Paul was seeking practical proposals for specific situations when there was no international Christian authority to settle the arguments in his favour. When Wright argues that deciding which issues count as adiaphora is not itself adiaphora and therefore cannot be 'decided locally', he is presupposing an international authority with the power to lay down which is which. At the same time he is busy trying to establish such an authority for the first time within Anglicanism, by means of the Anglican Covenant.
We need to avoid that Puritan mindset which expects everyone in the Church to agree on everything important. Wright gives the impression that the Church consists of bishops and their committees: in the case of sexual ethics, for example, he declares that 'the church as a whole, in all its global meetings, not least the Lambeth Conference, has solidly and consistently reaffirmed' what he calls 'the clear and unambiguous teaching of the New Testament', even though in fact he knows all too well that the Church is deeply divided on the matter.
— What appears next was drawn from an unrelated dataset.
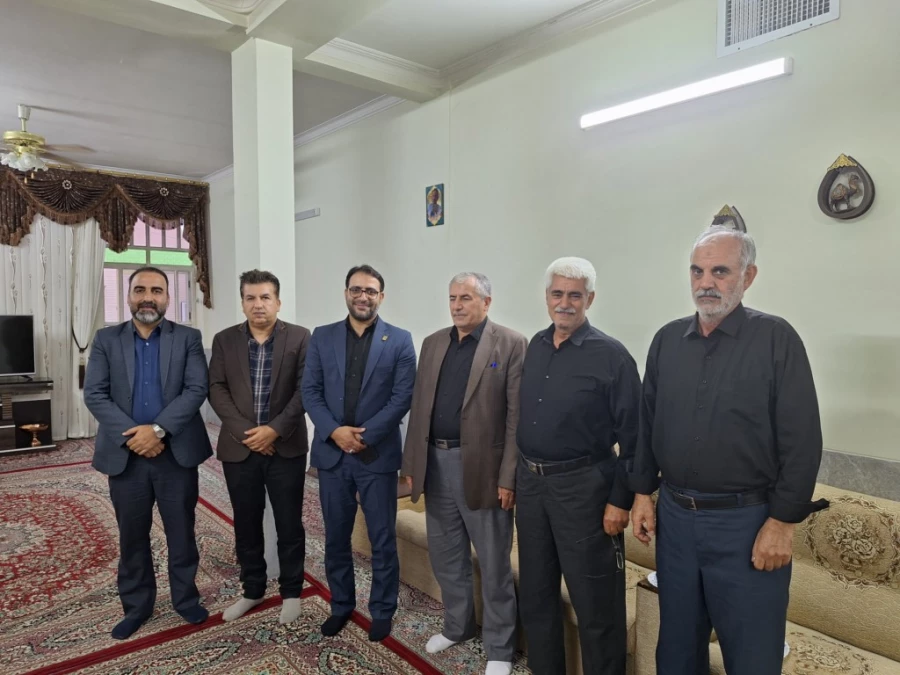 دیدار سرپرست دانشگاه فرهنگیان یزد با دو پیشکسوت مرکز تربیت معلم شهید پاک نژاد یزد 9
Similarly on women bishops he calls for 'proper theological argument, which we have not yet had'. Since the disastrous 1993 Act of Synod debate has indeed often degenerated into exchanges of prejudices, but there has also been much serious theological discussion over an extended period: the Modern Churchpeople's Union has been proposing theological arguments for women priests and bishops since the 1920s!
There is bound to be conflict between tidy institutions and the search for truth. Clergy who run dioceses and provinces like them to run smoothly with everyone in agreement. Independent seekers after truth object to being told what to think. Scientists face the same issue, but are a century ahead of clergy: they recognise that we make no progress unless we make full use of tradition, but also that every corner of tradition must be in principle open to challenge - not only to help us discover our past mistakes, but also to better understand what it means for our truths to be true.
This means freedom of thought, and allowing the Holy Spirit to lead us where we never expected to go. It means admitting our uncertainties, however uncomfortable it makes the tidy-minded.